In this section, we load and process the relevant CSV files for kernel analysis. The type of execution—either CPU or GPU—is determined by the `TYPE_OF_RUN` variable. Each CSV file is read into a Pandas DataFrame, and all DataFrames are then concatenated column-wise into a single aggregated DataFrame for comprehensive analysis.

In [None]:
TYPE_OF_RUN = "CPU"

In [None]:
if TYPE_OF_RUN == "CPU":
    DATA_ROOT = "csv_files/raw/lassen/cpu/"
elif TYPE_OF_RUN == "GPU":
    DATA_ROOT = "csv_files/raw/lassen/gpu/"

In [None]:
# Read in the csv files
csv_files = glob(DATA_ROOT + "*")
kernel_names = [os.path.basename(i)[7:-4] for i in csv_files]

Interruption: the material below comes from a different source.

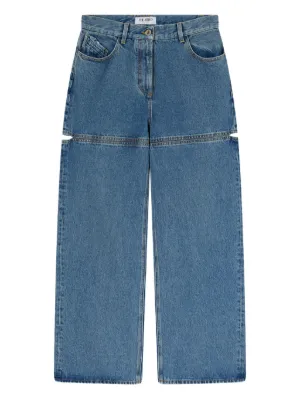 The Attico Jeans | FARFETCH US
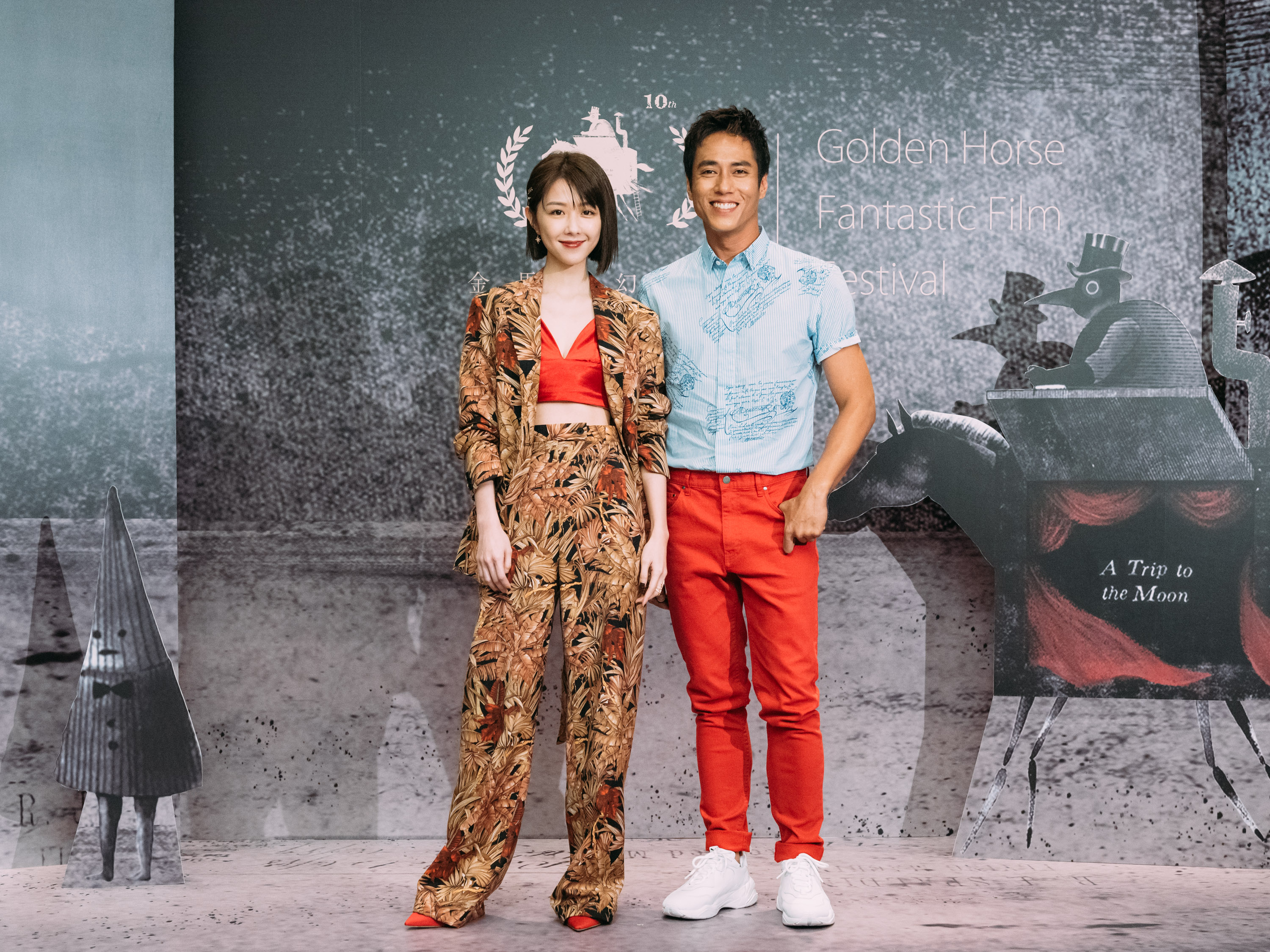 缉魔剧照的剧照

# Create a dataframe for each kernel and concatonate into a single multiindex dataframe
kernel_dataframes = {}
for idx, file in enumerate(csv_files):
    kernel_df = pd.read_csv(file)
    kernel_dataframes[kernel_names[idx]] = kernel_df

kernel_agg_df = pd.concat(kernel_dataframes, axis=1, names=["kernel_name"])  

## 4. Defining the the X and Y meshgrids.

To construct the meshgrid needed for surface plots, we use the `Basic_INIT3` kernel to extract the range of problem sizes and MPI ranks. Since these values are consistent across all kernels, Basic_INIT3 serves as a representative reference. This information is then used to generate the X and Y meshgrids for visualization.

In [None]:
problem_sizes = pd.unique(kernel_agg_df[("Basic_INIT3", "problem_sizes")])
n_ranks = pd.unique(kernel_agg_df[("Basic_INIT3", "ranks")])

In [None]:
X, Y = np.meshgrid(problem_sizes, n_ranks)

## 5. Plotting the kernels based on top down bottlenecks.

We conduct an initial plot analysis of selected RAJAPerf kernels based on their top-down breakdown categories [2], including Memory Bound, Core Bound, Bad Speculation, Retiring, and Mixture (both Memory and Core Bound). This classification helps in understanding the underlying performance characteristics of each kernel. Additionally, we perform a focused analysis on a subset of kernels that exhibited deviant behavior, deviating from the typical performance trends observed across the overall collection of kernels.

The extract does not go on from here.